• [Your objective]
Since the records include pictures, leave those out while you reproduce exactly and only the lines from the one containing "Tall ship sailing" through the one containing "Chinh Phục Siêu", inclusive.

• [Exercise data]

────────────────────

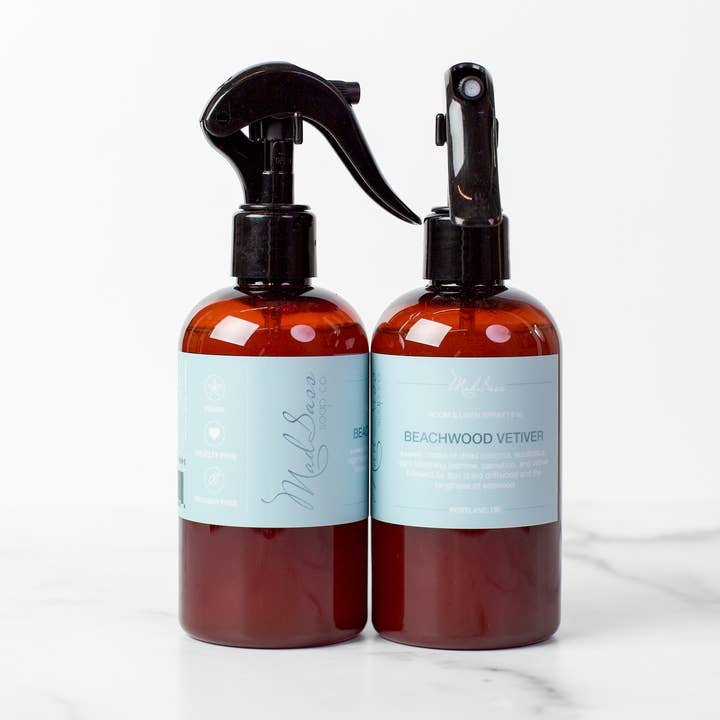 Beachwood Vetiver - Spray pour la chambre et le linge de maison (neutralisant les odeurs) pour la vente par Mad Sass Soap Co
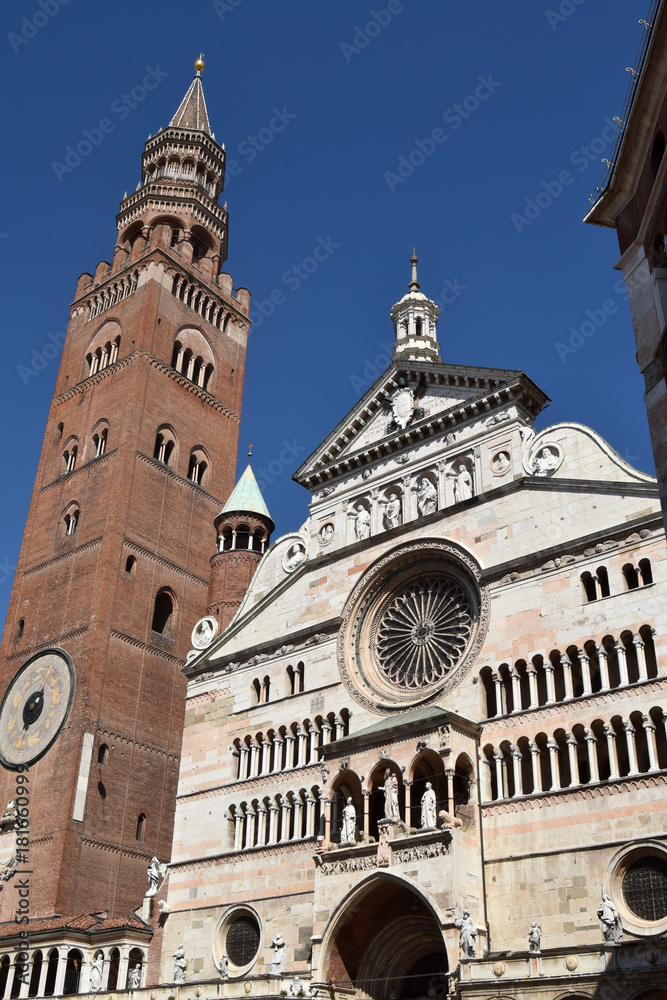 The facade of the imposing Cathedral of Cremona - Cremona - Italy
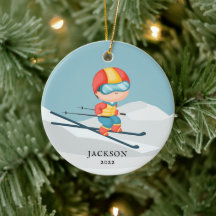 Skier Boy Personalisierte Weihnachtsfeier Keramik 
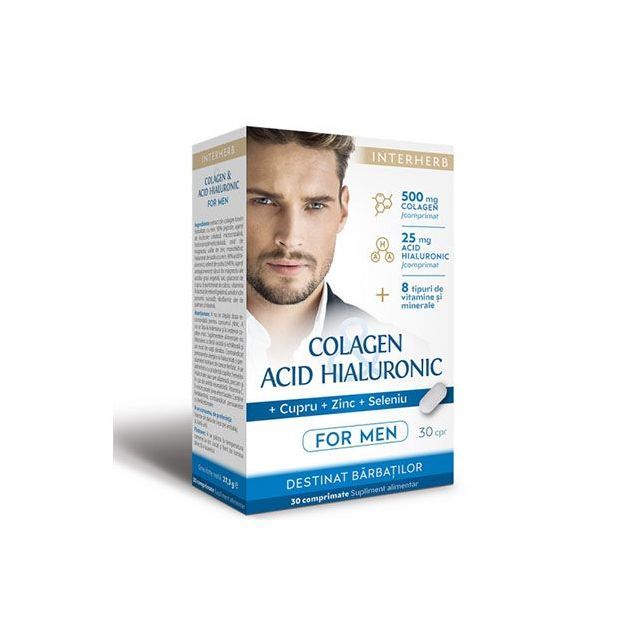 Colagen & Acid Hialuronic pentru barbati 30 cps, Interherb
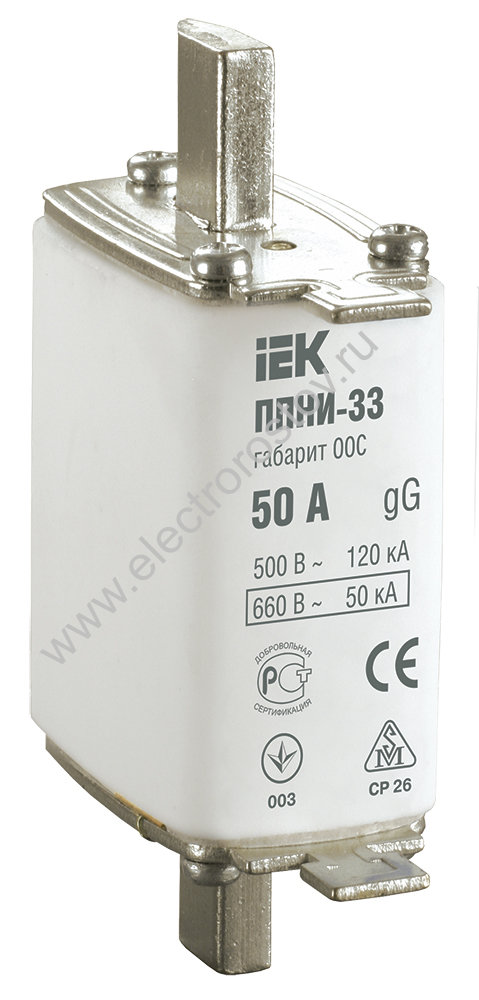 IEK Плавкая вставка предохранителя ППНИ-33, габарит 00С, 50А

────────────────────

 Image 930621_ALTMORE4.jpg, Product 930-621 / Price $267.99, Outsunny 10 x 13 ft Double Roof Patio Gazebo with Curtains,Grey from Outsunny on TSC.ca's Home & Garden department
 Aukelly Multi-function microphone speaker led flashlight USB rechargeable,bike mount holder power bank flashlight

────────────────────

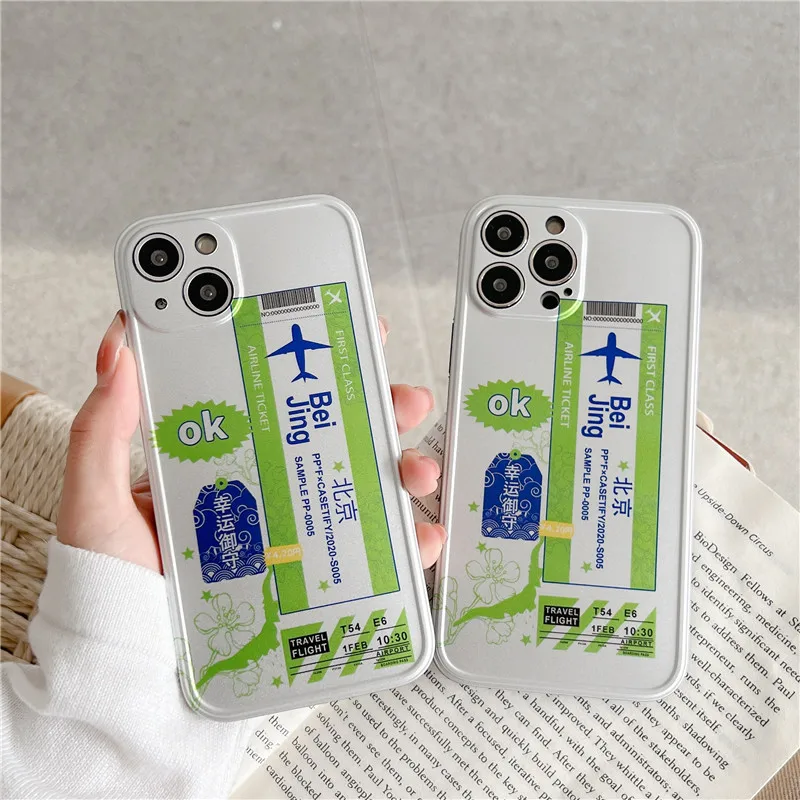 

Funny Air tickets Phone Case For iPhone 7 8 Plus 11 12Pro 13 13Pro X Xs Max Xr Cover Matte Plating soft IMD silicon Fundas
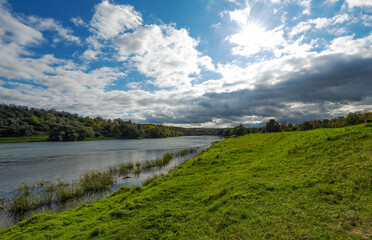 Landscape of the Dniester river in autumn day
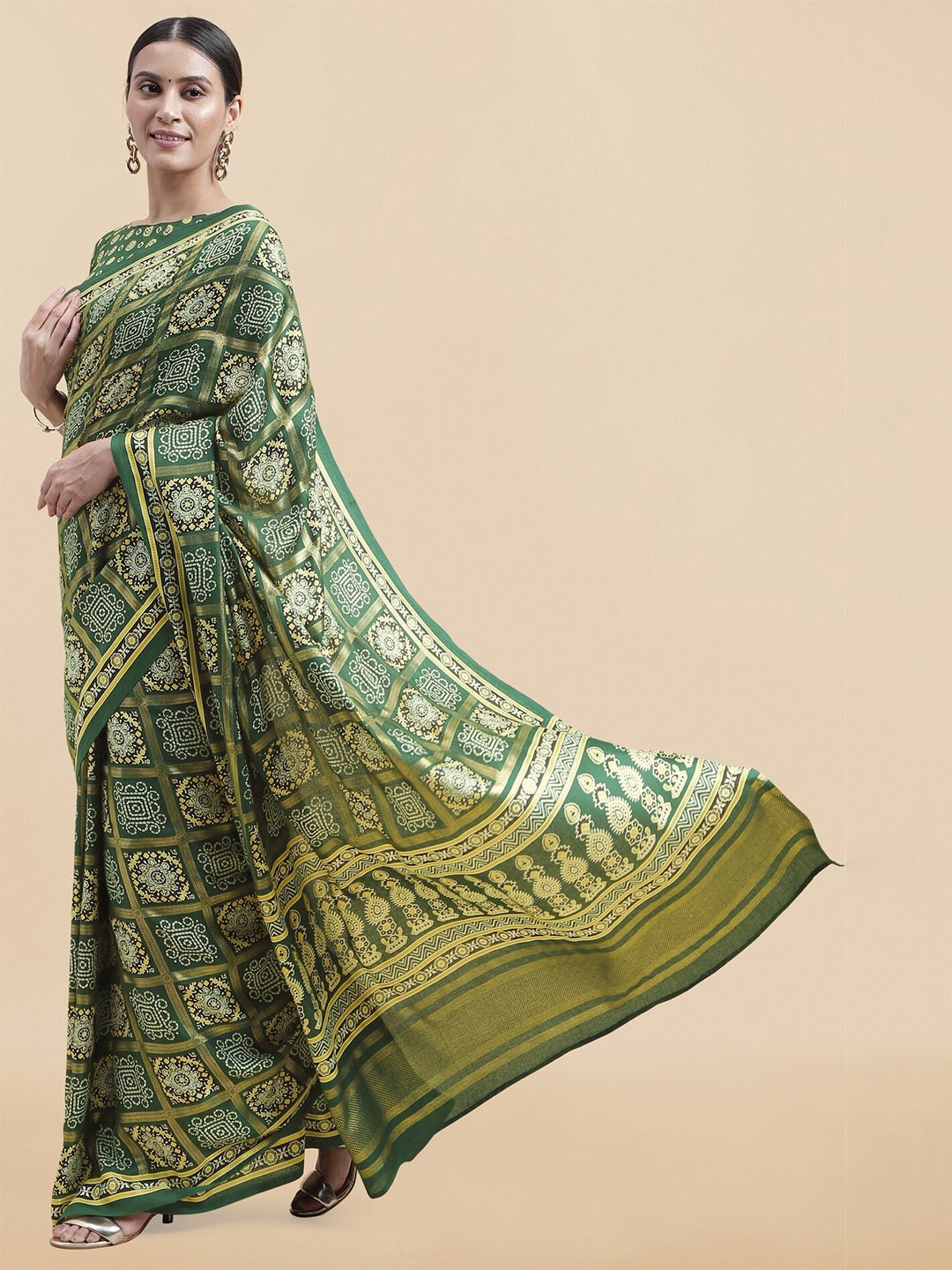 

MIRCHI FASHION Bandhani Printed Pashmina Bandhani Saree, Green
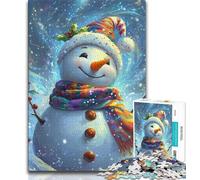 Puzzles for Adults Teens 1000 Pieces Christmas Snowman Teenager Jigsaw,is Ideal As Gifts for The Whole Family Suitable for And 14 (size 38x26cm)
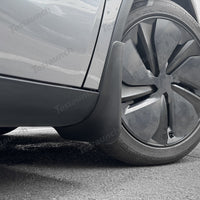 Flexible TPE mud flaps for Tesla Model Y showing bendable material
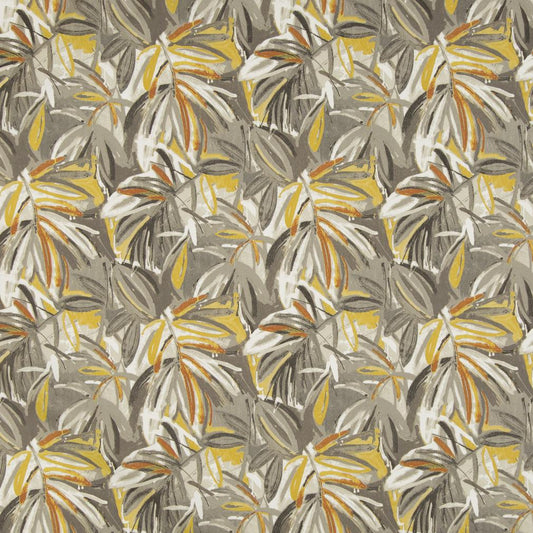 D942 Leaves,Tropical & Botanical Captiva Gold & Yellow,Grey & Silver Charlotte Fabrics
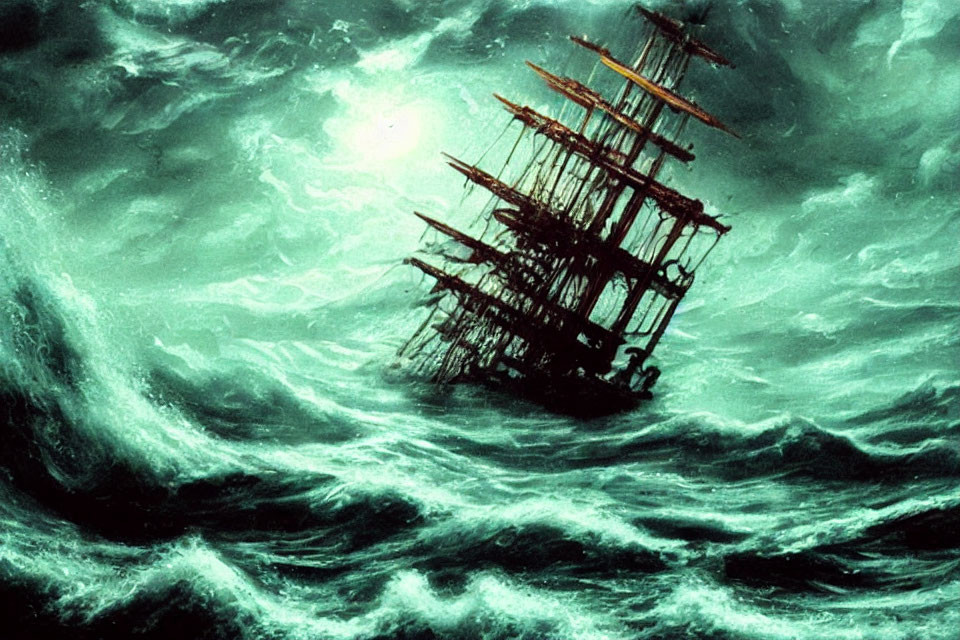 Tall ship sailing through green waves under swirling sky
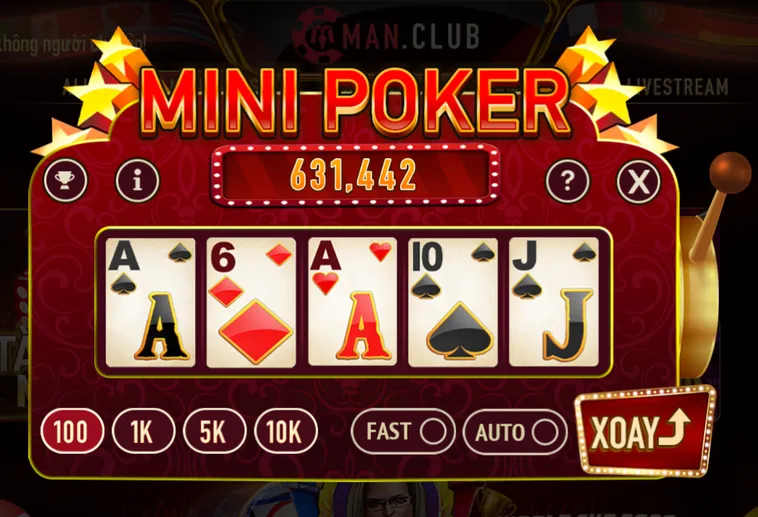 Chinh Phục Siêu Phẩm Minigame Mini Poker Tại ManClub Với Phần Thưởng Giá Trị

────────────────────

• [Your response]
 Tall ship sailing through green waves under swirling sky
 Chinh Phục Siêu Phẩm Minigame Mini Poker Tại ManClub Với Phần Thưởng Giá Trị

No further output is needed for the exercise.